### [Records to process]
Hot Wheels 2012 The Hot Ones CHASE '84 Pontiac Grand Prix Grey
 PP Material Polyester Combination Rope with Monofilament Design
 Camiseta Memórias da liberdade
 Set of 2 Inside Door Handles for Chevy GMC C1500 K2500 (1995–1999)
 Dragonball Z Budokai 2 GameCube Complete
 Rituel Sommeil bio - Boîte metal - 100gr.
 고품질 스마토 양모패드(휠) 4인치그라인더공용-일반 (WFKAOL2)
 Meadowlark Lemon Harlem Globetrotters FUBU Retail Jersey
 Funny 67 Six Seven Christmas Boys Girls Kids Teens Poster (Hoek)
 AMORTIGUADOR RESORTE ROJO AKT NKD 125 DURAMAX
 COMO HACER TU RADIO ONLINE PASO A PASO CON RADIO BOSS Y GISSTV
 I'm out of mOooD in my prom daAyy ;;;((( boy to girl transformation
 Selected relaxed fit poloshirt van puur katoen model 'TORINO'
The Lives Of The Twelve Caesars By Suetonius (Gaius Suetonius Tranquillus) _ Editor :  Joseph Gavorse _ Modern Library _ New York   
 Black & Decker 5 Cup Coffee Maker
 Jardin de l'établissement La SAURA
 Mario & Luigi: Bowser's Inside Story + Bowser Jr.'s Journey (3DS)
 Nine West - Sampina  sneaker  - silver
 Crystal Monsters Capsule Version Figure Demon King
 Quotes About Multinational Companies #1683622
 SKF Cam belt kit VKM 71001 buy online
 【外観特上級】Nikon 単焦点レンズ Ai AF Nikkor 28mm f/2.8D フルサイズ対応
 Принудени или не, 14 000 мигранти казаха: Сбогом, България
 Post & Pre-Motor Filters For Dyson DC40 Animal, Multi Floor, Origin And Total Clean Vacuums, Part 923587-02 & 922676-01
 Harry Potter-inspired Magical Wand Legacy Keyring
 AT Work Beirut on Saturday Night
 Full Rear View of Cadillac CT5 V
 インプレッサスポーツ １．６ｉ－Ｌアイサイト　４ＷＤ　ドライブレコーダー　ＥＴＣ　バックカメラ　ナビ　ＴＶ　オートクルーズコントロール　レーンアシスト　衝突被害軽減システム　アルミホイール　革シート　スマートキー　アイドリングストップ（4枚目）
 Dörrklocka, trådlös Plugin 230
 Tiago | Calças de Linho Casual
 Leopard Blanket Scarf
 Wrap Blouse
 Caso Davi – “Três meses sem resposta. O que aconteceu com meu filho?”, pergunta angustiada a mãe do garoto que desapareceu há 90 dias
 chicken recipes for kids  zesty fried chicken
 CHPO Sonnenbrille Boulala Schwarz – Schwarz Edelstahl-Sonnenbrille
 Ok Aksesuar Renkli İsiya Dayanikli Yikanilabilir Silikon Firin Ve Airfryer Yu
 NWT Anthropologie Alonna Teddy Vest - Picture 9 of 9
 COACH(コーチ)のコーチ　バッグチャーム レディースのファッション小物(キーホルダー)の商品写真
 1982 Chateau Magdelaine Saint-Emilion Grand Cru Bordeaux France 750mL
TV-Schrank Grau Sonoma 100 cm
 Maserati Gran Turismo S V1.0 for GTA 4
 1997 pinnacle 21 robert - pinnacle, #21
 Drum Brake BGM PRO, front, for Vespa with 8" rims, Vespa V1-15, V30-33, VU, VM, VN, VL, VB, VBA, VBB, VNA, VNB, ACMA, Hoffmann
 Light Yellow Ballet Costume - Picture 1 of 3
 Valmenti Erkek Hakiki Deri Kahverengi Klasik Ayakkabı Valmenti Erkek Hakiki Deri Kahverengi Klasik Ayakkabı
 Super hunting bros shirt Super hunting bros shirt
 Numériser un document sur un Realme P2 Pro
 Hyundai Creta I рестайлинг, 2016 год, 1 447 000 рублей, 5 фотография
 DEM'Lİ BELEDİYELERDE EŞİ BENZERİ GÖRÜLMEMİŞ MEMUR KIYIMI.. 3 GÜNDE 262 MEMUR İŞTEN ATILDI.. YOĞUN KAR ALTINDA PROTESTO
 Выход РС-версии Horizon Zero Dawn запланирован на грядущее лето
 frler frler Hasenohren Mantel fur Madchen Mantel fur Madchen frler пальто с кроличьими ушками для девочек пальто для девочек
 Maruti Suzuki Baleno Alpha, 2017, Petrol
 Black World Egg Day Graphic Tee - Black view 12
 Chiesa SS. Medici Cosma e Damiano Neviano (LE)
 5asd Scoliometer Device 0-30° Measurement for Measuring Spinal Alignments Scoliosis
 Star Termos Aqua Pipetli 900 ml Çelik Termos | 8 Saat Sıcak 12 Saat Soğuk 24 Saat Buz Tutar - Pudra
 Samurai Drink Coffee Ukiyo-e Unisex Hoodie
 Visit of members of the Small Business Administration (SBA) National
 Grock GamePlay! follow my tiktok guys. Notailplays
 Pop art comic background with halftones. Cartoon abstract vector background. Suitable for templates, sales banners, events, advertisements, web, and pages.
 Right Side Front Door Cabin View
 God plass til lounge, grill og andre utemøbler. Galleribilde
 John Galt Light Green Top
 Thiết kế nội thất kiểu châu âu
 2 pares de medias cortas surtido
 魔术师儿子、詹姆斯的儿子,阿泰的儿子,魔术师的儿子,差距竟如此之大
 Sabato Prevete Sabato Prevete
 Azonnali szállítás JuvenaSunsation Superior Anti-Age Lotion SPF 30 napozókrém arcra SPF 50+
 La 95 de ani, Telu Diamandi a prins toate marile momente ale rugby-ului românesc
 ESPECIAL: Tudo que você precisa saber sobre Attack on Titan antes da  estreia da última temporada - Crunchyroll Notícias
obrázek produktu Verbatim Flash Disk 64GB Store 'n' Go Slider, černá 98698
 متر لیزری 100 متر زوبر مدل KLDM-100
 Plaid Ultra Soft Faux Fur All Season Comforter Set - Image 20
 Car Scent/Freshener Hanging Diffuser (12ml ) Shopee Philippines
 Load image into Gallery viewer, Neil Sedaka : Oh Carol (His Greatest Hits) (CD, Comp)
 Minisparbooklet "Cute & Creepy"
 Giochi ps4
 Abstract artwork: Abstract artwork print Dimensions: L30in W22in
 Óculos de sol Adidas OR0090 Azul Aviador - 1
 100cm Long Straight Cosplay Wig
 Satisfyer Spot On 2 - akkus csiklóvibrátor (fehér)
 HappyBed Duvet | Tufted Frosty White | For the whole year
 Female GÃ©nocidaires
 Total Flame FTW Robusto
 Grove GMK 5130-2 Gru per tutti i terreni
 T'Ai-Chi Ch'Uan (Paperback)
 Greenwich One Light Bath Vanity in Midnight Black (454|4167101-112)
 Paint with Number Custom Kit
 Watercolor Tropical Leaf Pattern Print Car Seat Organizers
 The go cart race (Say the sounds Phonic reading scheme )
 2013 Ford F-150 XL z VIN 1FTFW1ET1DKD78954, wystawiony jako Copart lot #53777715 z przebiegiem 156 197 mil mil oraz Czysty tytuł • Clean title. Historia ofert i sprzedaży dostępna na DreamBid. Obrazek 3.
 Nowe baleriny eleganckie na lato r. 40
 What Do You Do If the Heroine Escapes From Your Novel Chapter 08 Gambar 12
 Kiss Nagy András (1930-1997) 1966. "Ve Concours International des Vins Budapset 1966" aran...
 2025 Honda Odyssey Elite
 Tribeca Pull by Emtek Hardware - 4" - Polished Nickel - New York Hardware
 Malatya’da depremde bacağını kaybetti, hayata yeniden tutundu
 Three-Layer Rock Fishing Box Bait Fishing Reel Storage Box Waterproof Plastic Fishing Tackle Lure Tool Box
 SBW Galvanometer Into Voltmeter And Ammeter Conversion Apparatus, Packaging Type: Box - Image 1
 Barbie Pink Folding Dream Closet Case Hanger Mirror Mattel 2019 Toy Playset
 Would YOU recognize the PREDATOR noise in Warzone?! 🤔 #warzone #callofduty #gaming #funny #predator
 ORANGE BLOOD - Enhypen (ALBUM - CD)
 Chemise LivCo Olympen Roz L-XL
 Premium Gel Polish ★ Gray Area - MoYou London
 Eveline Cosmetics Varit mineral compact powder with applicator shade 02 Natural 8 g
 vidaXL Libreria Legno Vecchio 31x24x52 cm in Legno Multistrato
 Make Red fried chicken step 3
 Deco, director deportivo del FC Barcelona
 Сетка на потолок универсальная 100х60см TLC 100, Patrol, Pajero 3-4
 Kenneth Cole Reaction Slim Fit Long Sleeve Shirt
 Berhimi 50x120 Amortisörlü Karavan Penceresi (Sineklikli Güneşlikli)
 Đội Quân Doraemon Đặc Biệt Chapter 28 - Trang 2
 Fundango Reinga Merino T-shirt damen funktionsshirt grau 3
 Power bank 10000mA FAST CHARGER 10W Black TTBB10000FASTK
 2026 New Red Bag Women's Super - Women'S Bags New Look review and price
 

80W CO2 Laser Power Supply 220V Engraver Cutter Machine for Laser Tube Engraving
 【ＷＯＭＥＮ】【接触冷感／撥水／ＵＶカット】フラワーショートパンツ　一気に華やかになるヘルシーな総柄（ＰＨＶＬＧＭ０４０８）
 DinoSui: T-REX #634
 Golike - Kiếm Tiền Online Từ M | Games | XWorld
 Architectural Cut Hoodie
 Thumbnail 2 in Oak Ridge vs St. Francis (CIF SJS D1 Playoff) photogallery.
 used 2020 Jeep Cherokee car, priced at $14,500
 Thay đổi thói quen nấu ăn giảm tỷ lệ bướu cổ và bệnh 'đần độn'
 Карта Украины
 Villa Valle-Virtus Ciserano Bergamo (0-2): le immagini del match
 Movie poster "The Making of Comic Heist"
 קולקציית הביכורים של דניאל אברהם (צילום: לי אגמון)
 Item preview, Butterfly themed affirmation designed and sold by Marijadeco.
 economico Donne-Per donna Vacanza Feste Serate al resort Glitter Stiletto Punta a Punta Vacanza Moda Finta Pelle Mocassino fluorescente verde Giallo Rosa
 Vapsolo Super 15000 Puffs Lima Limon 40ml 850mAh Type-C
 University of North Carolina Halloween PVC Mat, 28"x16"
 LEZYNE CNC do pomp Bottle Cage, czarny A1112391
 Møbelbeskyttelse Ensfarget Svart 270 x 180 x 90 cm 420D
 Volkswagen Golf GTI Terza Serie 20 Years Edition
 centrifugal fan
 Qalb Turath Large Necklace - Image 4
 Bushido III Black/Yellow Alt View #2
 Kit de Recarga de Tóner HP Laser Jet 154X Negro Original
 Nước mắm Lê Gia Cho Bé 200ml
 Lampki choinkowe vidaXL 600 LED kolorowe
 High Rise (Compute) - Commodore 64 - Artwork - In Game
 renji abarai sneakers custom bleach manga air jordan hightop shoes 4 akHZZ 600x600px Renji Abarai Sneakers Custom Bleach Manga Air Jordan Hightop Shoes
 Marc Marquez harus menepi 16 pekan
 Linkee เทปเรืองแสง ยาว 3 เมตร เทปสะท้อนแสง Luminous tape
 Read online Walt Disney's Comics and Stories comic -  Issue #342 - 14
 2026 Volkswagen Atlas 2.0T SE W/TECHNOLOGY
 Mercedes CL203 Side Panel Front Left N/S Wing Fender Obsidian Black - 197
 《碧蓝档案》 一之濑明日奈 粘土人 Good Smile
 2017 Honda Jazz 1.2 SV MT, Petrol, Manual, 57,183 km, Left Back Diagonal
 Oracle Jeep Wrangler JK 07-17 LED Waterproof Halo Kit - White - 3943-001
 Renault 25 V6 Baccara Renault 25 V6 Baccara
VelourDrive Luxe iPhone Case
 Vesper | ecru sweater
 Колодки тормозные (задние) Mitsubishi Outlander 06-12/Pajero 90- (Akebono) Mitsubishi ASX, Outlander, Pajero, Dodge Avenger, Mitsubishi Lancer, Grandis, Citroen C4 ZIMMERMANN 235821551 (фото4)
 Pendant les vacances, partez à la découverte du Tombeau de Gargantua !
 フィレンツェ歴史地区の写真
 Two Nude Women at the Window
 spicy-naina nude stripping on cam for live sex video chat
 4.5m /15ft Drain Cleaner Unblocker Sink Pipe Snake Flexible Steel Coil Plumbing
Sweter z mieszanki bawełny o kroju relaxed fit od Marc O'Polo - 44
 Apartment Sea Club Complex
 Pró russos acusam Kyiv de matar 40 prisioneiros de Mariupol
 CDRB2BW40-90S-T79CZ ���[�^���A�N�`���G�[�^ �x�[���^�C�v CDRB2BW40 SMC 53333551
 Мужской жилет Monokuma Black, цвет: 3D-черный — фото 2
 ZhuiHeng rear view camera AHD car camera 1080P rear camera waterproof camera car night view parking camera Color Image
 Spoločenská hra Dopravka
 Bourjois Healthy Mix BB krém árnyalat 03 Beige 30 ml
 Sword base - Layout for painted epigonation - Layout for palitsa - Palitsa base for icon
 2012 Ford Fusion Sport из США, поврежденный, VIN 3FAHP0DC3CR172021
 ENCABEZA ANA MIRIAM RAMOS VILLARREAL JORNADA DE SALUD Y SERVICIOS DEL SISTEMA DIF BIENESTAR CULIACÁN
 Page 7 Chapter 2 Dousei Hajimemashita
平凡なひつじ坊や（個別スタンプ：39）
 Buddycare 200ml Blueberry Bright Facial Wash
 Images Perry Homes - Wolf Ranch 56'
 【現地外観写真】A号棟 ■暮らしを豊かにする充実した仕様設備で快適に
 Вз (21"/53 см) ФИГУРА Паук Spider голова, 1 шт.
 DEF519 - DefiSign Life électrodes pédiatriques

### [Exercise]
Search the records for the word "vidaXL". Copy every line that has it.

### [Answer to the problem]
 vidaXL Libreria Legno Vecchio 31x24x52 cm in Legno Multistrato
 Lampki choinkowe vidaXL 600 LED kolorowe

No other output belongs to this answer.